Christians are today the most persecuted religious group in the world. And this is not only the case is Muslim majority nations like Pakistan or in North Korea; here in our own country acts of vandalism against church buildings have become an all-too-common occurrence and anti-Christian sentiments are deemed understandable. Nevertheless, we cannot excuse ourselves from our divinely appointed function. We are not our own masters. The city that we inhabit is the City of God; and all nations stream to this city for strength, instruction and protection. Let your light shine before men, so that they may see your good works and give glory to your Father in Heaven (Mt. 5:16).
This is a lofty calling and yet, we know that with the help of God’s grace, it is possible for us to be faithful to what Our Lord calls us to be and to do. Our Lord calls us not only to be virtuous but to be the salt, that is, to raise the level of flavor of every human activity and thus transform it. What is of itself insipid can be delightful if seasoned with joy and devotion. What would be irretrievably lost to the passage of time and decay can be preserved unto eternity in the Lord by the salt of Christian memory (Erasmo Leiva-Merikakis, Heart of the World, Vol. 1, p. 205). Practically, this means that we submit ourselves to process of transformation that engages each one of us personally and intimately, and in turn, the world around us by permeating the whole of our lives with the salt of Christian memory. We do this principally through the graces of the liturgical year with its feasts and commemorations, especially the commemorations of the Saints, vessels of grace and the lights of the world in their several generations. It is their precious memory that enables us to appreciate and to defend Sacred Tradition as an indispensable element of our life.
As we face the challenges posed by a globalist worldview that either relativizes these realities or negates them altogether, there is a real danger that we risk losing our unique identity and so fail in our obligation to be the light of the world. Tragically and inconceivably, our Sacred Tradition is also sustaining furious attacks from within the Church herself and we must not deny this state of affairs as if in so doing we are somehow disobedient or disloyal. Rather, we must counter and resist this scandalous and inexplicable development. The Church has a history and a culture and she has civilized the world by word and by example. This is why it is so important for us to be brutally honest about the forces at work both in the world – and unfortunately, in the Church herself – that would have us deny our traditions and teachings in the interests of relevance. A house divided against itself cannot stand (Cf. Mk. 3:25). We have absolutely no authority to change the traditional faith of the Church.
There is great unrest in the world and the greater culture that we inhabit has established a different ethical universe; one in which the categories of truth and goodness, logic and life are violently opposed and negated with impunity. The normalisation of degeneracy has, as inescapable consequence, not least the normalisation of more and more degeneracy and it is past time to say ‘enough’. If we wish to survive in any meaningful manner without being overwhelmed in this lawless dystopia, it is now necessary to distance ourselves intentionally and deliberately from this ungodly society, so that we might remain distinct. It was no different for the earliest Christians.
The times are such that we called to live a life of pure faith, which leans on nothing other than God Himself. As we continue to experience the diminishment of the Church amidst internal and external persecutions, only our endurance and constancy, leaning on nothing other than God Himself and our bond of faith and charity will enable us to raise the level of flavor of every human activity and thus transform it.
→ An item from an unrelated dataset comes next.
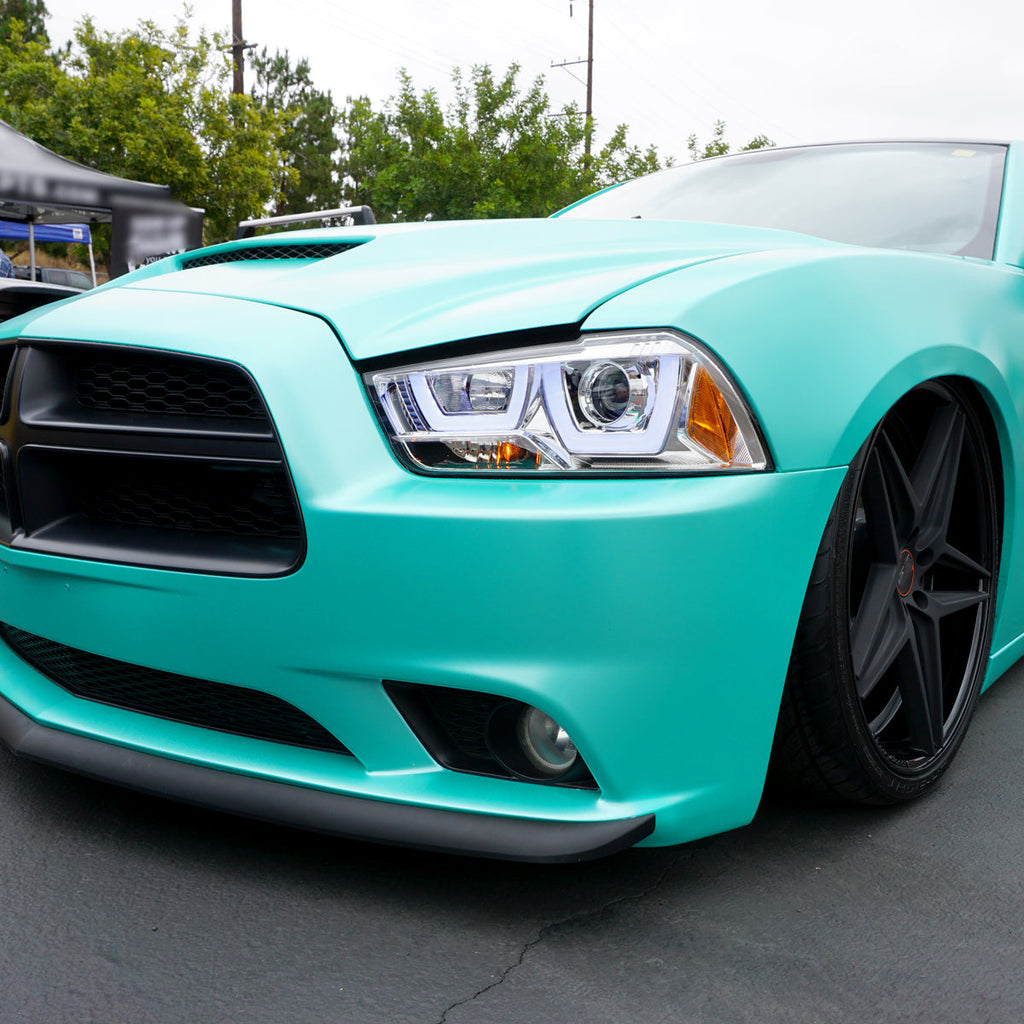 2011-2014 Dodge Charger LD Dual LED U-Bar Projector Headlights (Chrome Housing / Clear Lens)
In this light, despite the degeneracy of our times, the natural bond of marriage is still a sacramental sign of God’s faithful love for His people, the gift of human sexuality is seen as sacred, suffering lovingly and patiently borne becomes co-redemptive and a participation in the Passion of Our Lord; and we offer our bodies as a living sacrifice, holy and pleasing to God; this being our true and proper worship. So we do not conform ourselves to the pattern of this world but are transformed by the renewing of our mind (Cf. Rom. 12:1-2). ‘You are the light of the world. A city built on a hill cannot be hidden’ (Mt. 5:14). The work of God that engages us intimately and collectively is our lofty and divinely appointed function not simply for our own benefit but also for the whole world which Our Lord has redeemed with His Most Precious Blood.